If you used rc-update, make sure you put them in default, not boot. The NIC needs to be up before you bring the pppoe up.

----------

## whitesuit

I put them in /etc/modules.autoload.d/kernel-2.6 as the manual says it should be put.

Is there a better way ?

----------

## madchaz

I'm sorry, I wasn't clear. 

How do you start pppoe? Is it started as a service?

----------

## whitesuit

I start it exactly as i do in the livecd, using pppoe-start in a root shell. I don`t understand why this happens. I already tried installing with the livecd`s kernel but it`s the same problem. Maybe it`s something with that particular version of rp-pppoe ?

----------

## madchaz

When it times out, what error does it give you, if any?

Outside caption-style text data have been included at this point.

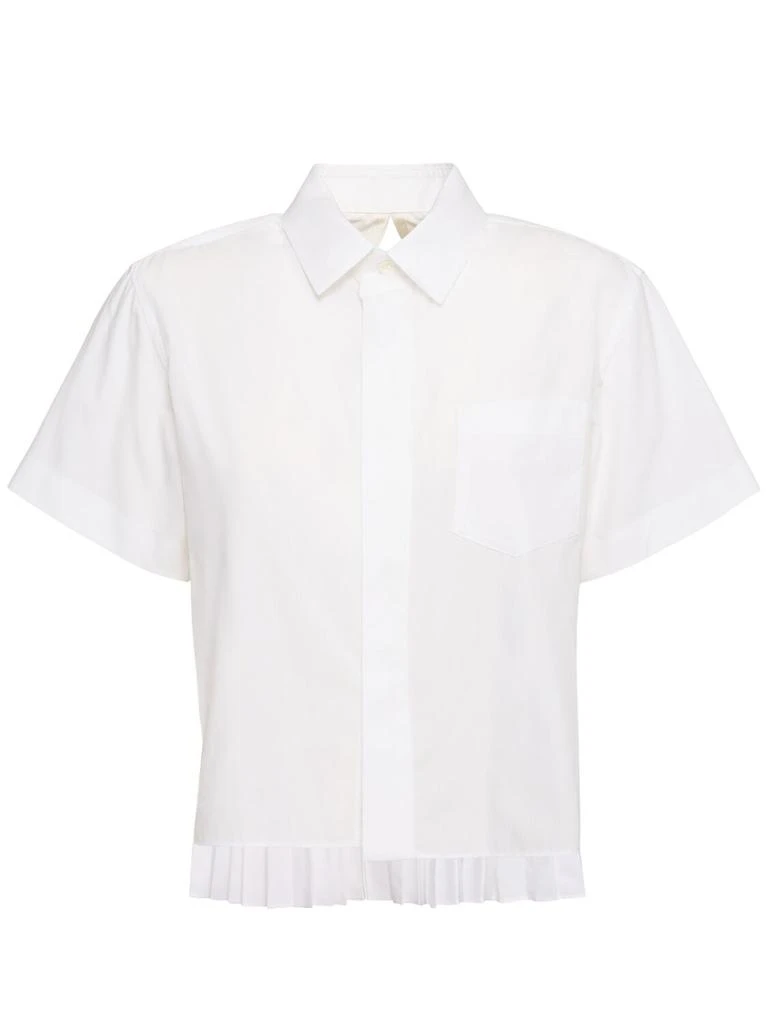 Sacai Cotton Blend Poplin Shirt 1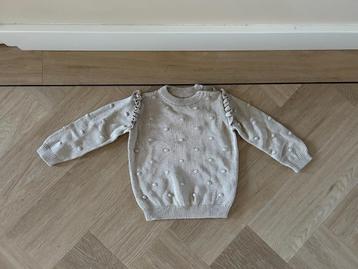 Z.g.a.n. Beige gebreide tricot trui / sweater, Hema, mt 92 beschikbaar voor biedingen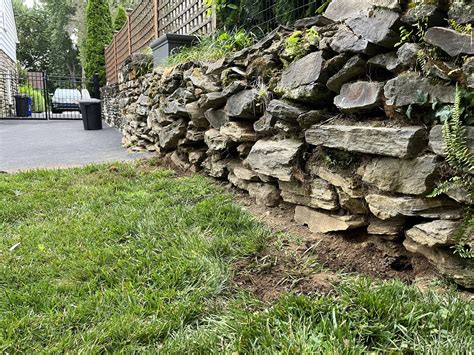 Dry Stack Stone Wall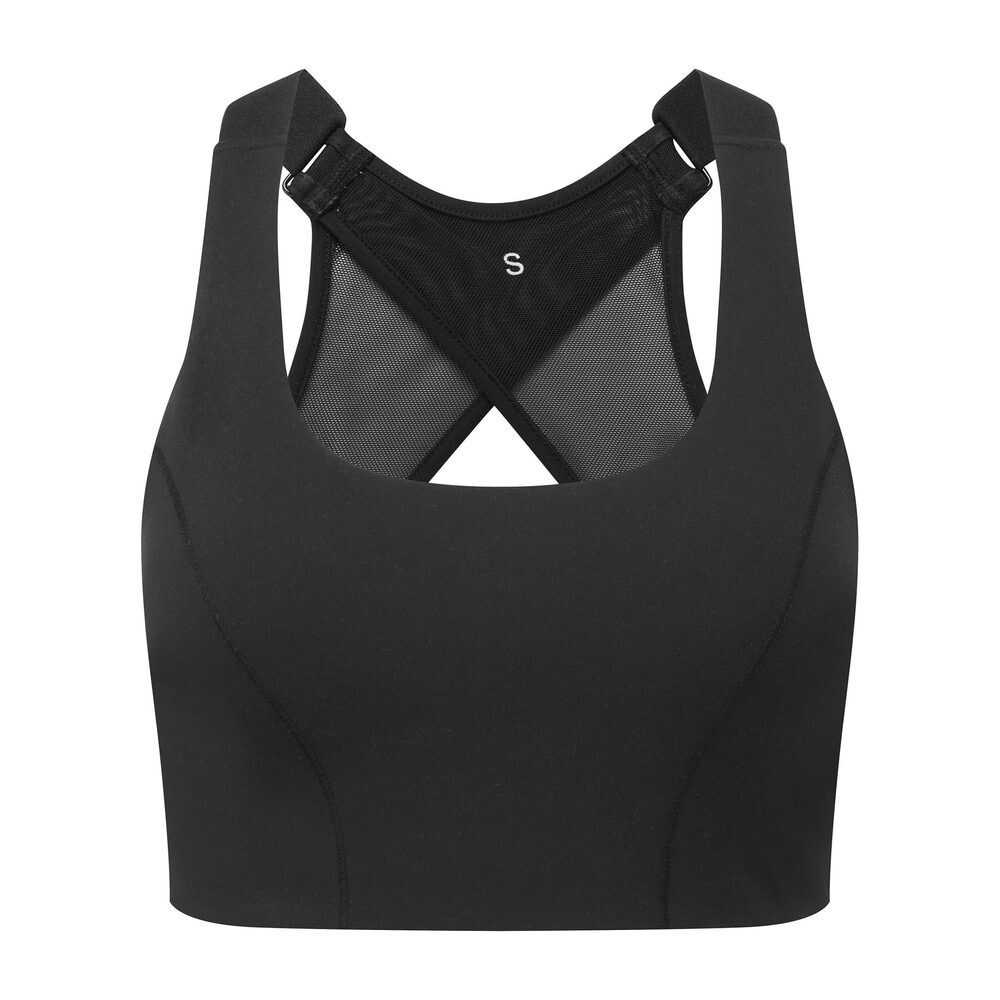 TriDri® Sportovní podprsenka se síťovanými zády - Černá | 2XL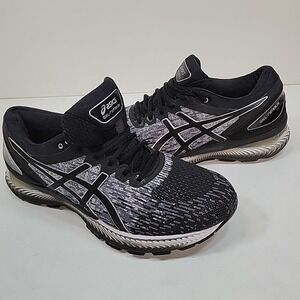 Asics Running Shoes Gel-Nimbus Mens Size 11  Black Gray Cushioned Road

Is eth0 the only NIC you have?

----------

## whitesuit

 *Quote:*   

> When it times out, what error does it give you, if any?

 

only .........TIMED OUT

 *Quote:*   

> Is eth0 the only NIC you have?

 

Yes.

----------

## whitesuit

It showed me this a couple of times:

# pppoe-start

................TIMED OUT

/usr/sbin/pppoe-start: line 198:  8321 Terminated              $CONNECT <(echo "$CONFREAD") >/dev/null 2>&1 

my problem seems similar to this: https://forums.gentoo.org/viewtopic-t-455270-highlight-pppoestart.html

----------

## madchaz

Do you have the same errors in your logs?

Try posting the errors you get there. 

Other then that, I would suggest a re-compile of the kernel, making sure you enabled all the PPPoE settings and disabled IPv6 unless you really need it.

----------

## Roman_Gruber

hi,

have you entered your adsl acount: user name, user password

There are certain conf. files in /etc for ppp

e.g. for a chap authentification, you have to enter your: user name, user password to 

/etc/ppp/chap-secrets

i personally use the command pptp command, which works fine for me.

what i do, do establish a connection over a 510 adsl ethernet modem from thompson

dhcpcd eth1                      .. gives me a ip address

route del default               ..  kills the default route

pptp 10.0.0.138                 .. make a tunnel over 10.0.0.138 (standard ip address of a thompson modem)

its a good advice to use the logging console to see, what the system is doing.

----------